Dr. Navathe regards the shift to remote care as one of COVID-19’s silver linings.
“It’s time-consuming to see a physician. If you can take your blood pressure at home, you don’t even need that visit,” he said. “We can get a lot more health for each input dollar we put into the system.”
Decoupling Employment From Insurance Can Keep Societies Healthier
COVID-19’s impact on healthcare financing intersects more fundamentally with the economy. At the same time, states are receiving less tax revenue due to job loss and economic downturns, newly unemployed people find themselves losing their employer-sponsored health coverage at the worst time.
“States are finding themselves in a fiscally constrained position of figuring out how to protect people when their budgets are getting smaller, not bigger,” Dr. Navathe said. “It seems like the exact opposite of what we want would be to have 10, 15, or 20 million people suddenly become uninsured amid a pandemic.”

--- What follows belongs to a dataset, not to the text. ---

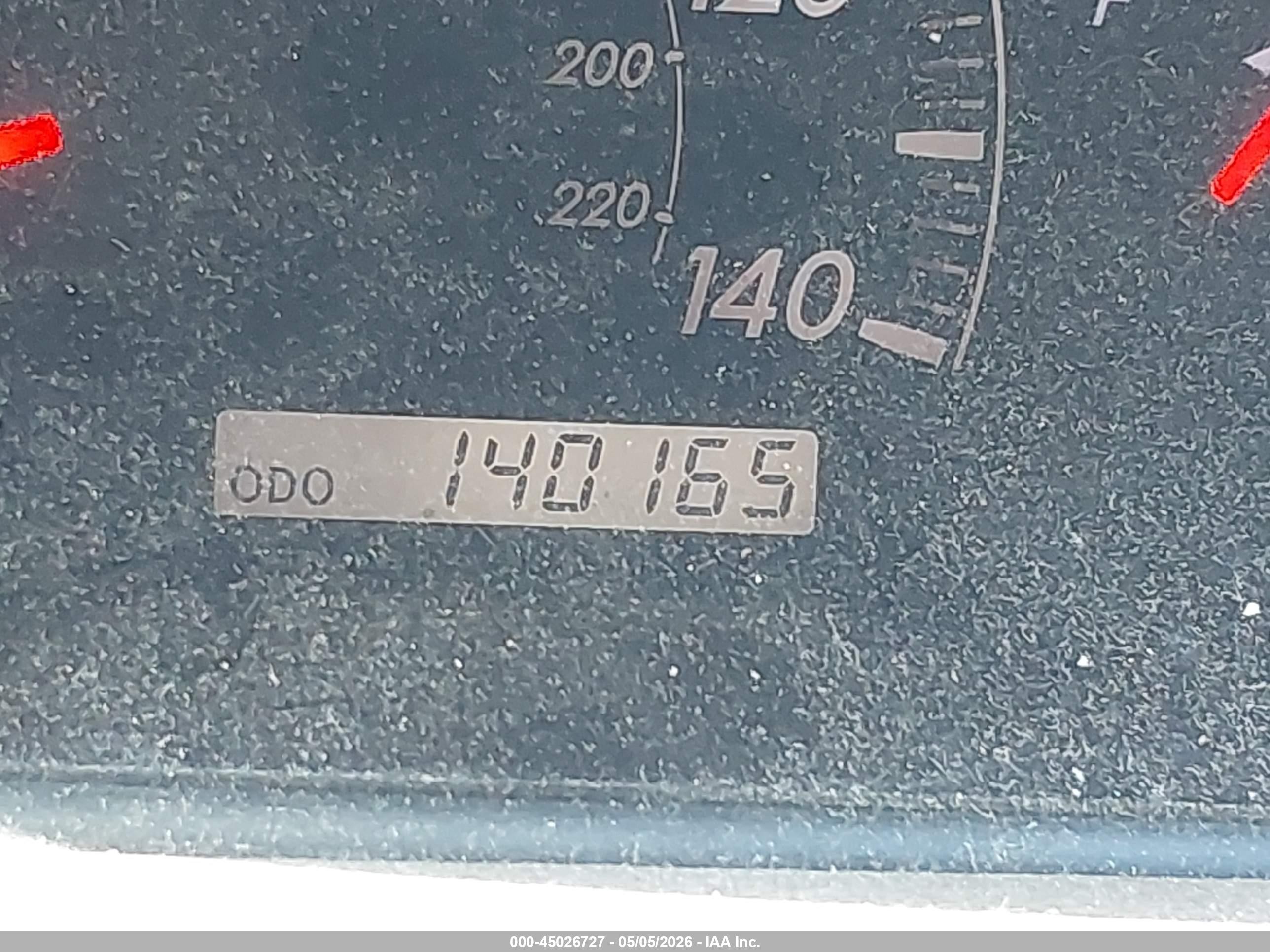 2006 Toyota Camry Le Черный vin: 4T1BE32K36U672710
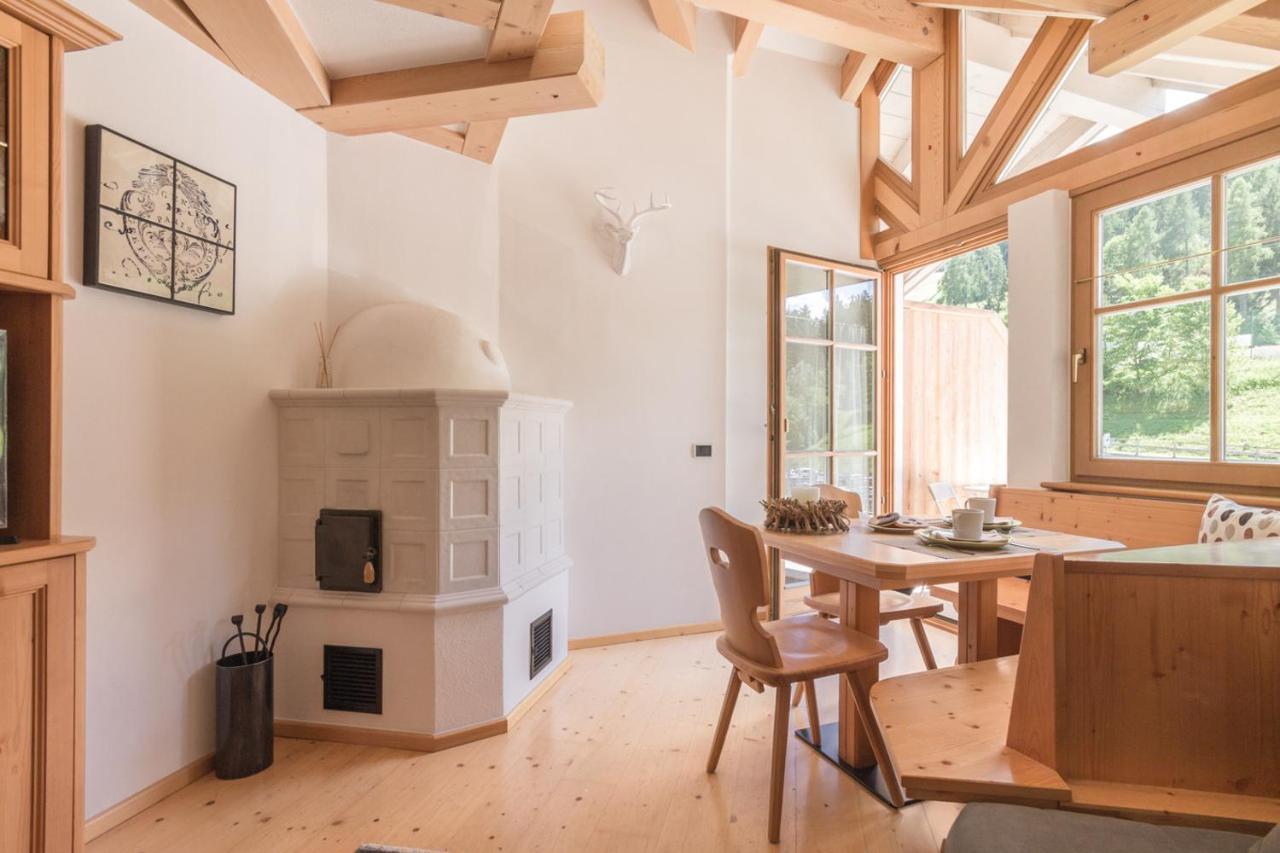 Casa Serena San Candido Eksteriør billede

Given that other advanced nations have found the consensus to offer healthcare access to individuals even when they don’t have employment, the opportunity is there for the U.S. as well, Dr. Navathe said.
He said that Americans have no problem supporting public education because it helps every individual become more economically productive, which serves to raise income levels and the standard of living for everyone.
“But we don’t have nationalized healthcare, and I think why some folks have argued against it is by claiming that healthcare doesn’t have those attributes. If you don’t have healthcare, how does that affect me? I think the pandemic has pointed out that maybe that’s not quite right.”
On one level, sick individuals risk making others sick. And on another, the inability to participate in the economy due to health concerns carries the same public consequences as inability due to lack of education.
“People losing health insurance exacerbates the dismal reality of the economic spiral that accompanies the pandemic,” Dr. Navathe said. “I think it just makes sense for people that that doesn’t feel right.”
Penn’s Leonard Davis Institute: Exploring the Economic Implications of Healthcare Policy
Dr. Navathe and co-author Ezekiel J. Emanuel present these and other arguments in articles recently published in The New York Times. In “Will 2020 Be the Year That Medicine Was Saved?,” Dr. Navathe and Emanuel submit that the telemedicine shift, the beneficial changes in hospitalization thresholds, and the use of affordable medications and interventions will wither post-COVID-19 without congressional support.
In another article titled “How Health Insurers Can Be Heroes. Really,” they call on the health insurance industry to pour short-term profits gained from COVID-19-induced lower utilization back into cuts in premiums and copayments, assistance for small hospitals and private practices, and support for public health and research initiatives.
That would allow public and private health stakeholders to work together to mitigate some of the detrimental economic effects the pandemic is imposing on those least able to endure it.
Others at Penn LDI support Dr. Navathe’s work, with one group studying the health effects of economic downturns and how they feed off each other. Another group probed how technology for remote screening can reduce disease transmission.
The research teams at Penn LDI look for ways to optimize insurance access and improve care, especially for older adults and other vulnerable populations.
Dr. Navathe said those inequities, inherent in the U.S. economy and healthcare system, exacerbate the pandemic’s effects.
“In my work, I’m calling for fundamental change in how we pay for care to be more mindful of these disparities,” he said. “Medicare and the health insurance companies should take on these issues directly and look for more ways to encourage the positive trends COVID-19 has brought out.”